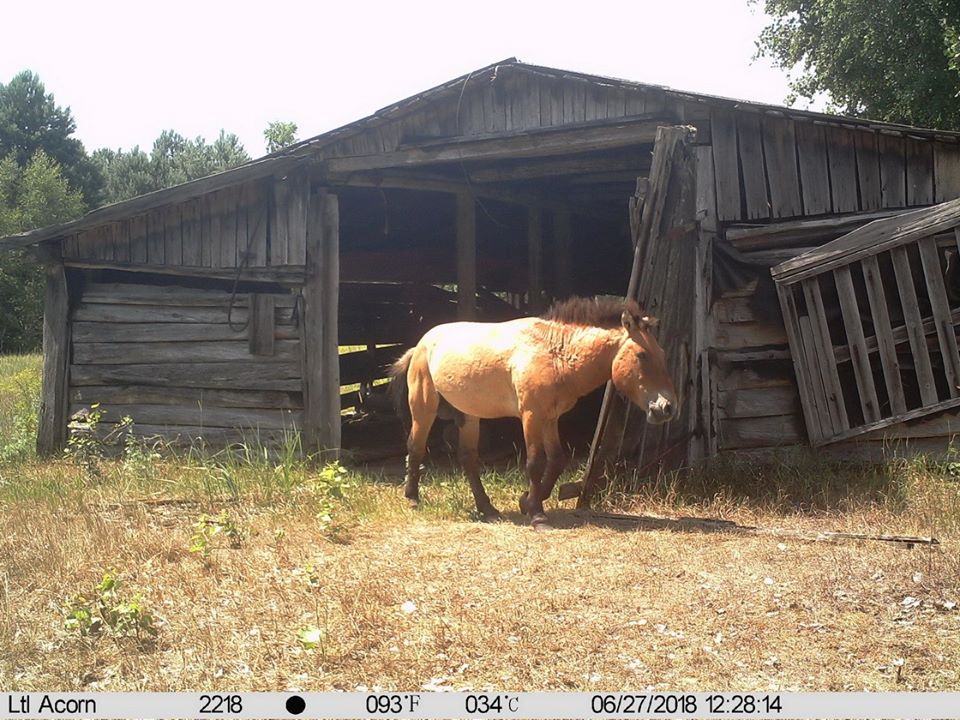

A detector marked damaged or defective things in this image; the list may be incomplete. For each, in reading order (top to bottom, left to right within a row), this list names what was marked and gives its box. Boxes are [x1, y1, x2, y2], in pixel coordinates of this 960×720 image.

broken wooden panel [772, 198, 960, 444]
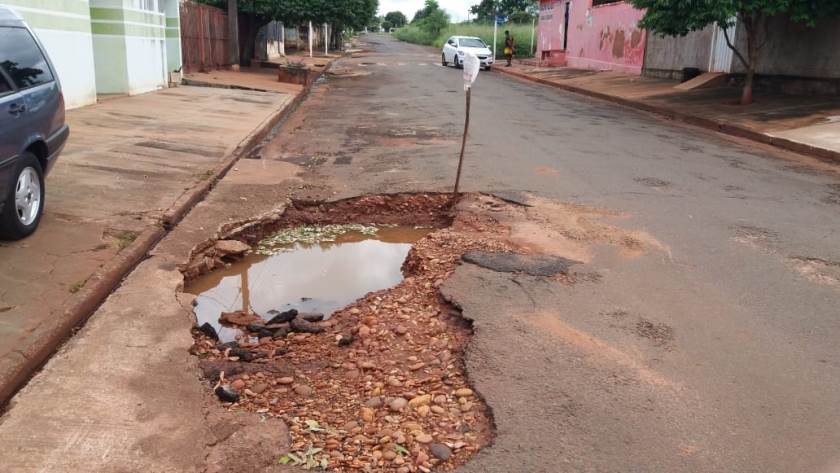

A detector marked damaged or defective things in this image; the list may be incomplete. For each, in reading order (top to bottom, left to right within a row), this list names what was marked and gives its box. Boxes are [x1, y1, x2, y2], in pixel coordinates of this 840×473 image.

large pothole [180, 194, 516, 470]
cracked road surface [272, 35, 840, 470]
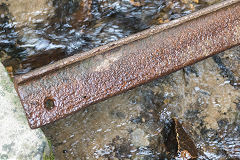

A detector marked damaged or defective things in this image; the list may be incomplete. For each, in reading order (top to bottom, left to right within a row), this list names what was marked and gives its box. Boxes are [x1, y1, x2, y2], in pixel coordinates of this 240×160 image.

rusted metal surface [14, 0, 240, 127]
rusty iron rail [14, 0, 240, 127]
brown rust patch [14, 0, 240, 127]
rough rusted texture [14, 0, 240, 128]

### Problem statement
Would you restate the listing word for word and leave every picture out?

### Your response
A detector marked damaged or defective things in this image; the list may be incomplete. For each, in reading order (top to bottom, left to right within a row), this list names what was marked and gives its box. Boxes are [x1, y1, x2, y2], in pixel coordinates of this 960×720 image.

broken wooden panel [772, 198, 960, 444]

A detector marked damaged or defective things in this image; the list may be incomplete. For each, in reading order (top to bottom, left to right within a row), this list names what was marked and gives its box. Boxes are [x1, y1, x2, y2], in pixel coordinates of this 840×473 image.

large pothole [180, 194, 516, 470]
cracked road surface [272, 35, 840, 470]

A detector marked damaged or defective things in this image; the list may be incomplete. For each, in reading order (top to bottom, left to right within a row), this list names what was marked and gives its box. Boxes are [x1, y1, x2, y2], in pixel coordinates of this 240×160 image.

rusted metal surface [14, 0, 240, 127]
rusty iron rail [14, 0, 240, 127]
brown rust patch [14, 0, 240, 127]
rough rusted texture [14, 0, 240, 128]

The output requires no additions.